不文律とは何か

 「ウォー・ギルト・インフォメーション・プログラム」は、言ってみれば大衆向けの心理操作でしたが、戦争を遂行・指導した軍人・政治家・官僚・財界人等について占領軍はどう対処したのでしょうか。もちろん東京裁判に向けて110人の日本人が巣鴨プリズンに収容された他、公職追放を受けた大勢の者たちがいたのですが、彼らのほとんどがその後復帰し戦後社会の指導者になっていったことは、「時代区分への壊疑」でも検証してきたところです。A級戦犯(容疑者)や公職追放を受けた者たちは、復帰する間にあるいは公職追放を解除される前に、どこかで"悔悛の情"を示したのでしょうか。こう考えるのも、前節で述べたような"徹底した洗脳"を意図していた占領軍が、"確信犯"に近い指導層を何故短期間で"赦免"したのかが不明だからです。

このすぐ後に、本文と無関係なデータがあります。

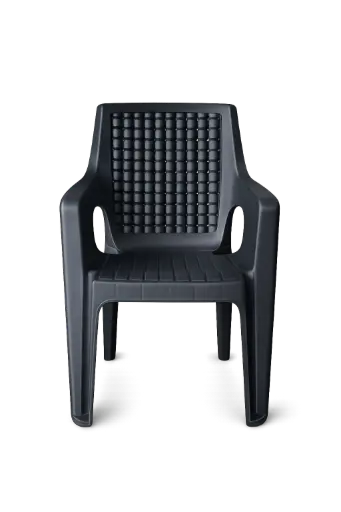 [PCHBL018] Big Sumo Chair Stoel - Black - P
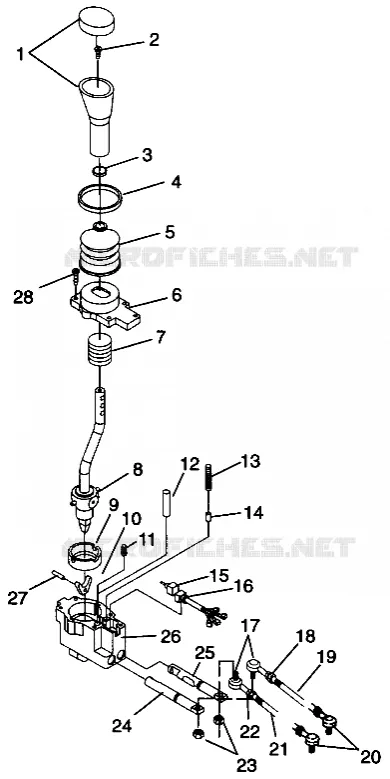 SELECTOR DEL TREN Sportsman 4x4 W968040 (4935943594C010)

 この疑問に答えてくれるのが、何故A級戦犯(容疑者)が「その後むしろ戦後社会で政・財界などの頂点に立って、日本の進路を決めた人物」になっていくことが可能だったのかを解明することであり、その過程で戦後史の謎が解けていくと保坂は述べています。

 アメリカを中心とする国連軍が日本占領に取りかかった直後から始まった戦犯容疑者の逮捕出頭後、1946年5月の東京裁判開始時点までに巣鴨に収容されたA級戦犯容疑者は110人だったとされています。そして約2年半の審理の中で有罪が言い渡されたのが28人、うち東條以下7名が死刑・16名が終身禁固・2名が7年と20年の禁固、大川周明他3名は免訴もしくは病死という判決が1948年11月に出されます。残り82人のA級戦犯容疑者は次々と釈放され、最後まで残った19名が12月24日釈放されたことで東京裁判は終結します(その前日に死刑囚7名の絞首刑が行われた)。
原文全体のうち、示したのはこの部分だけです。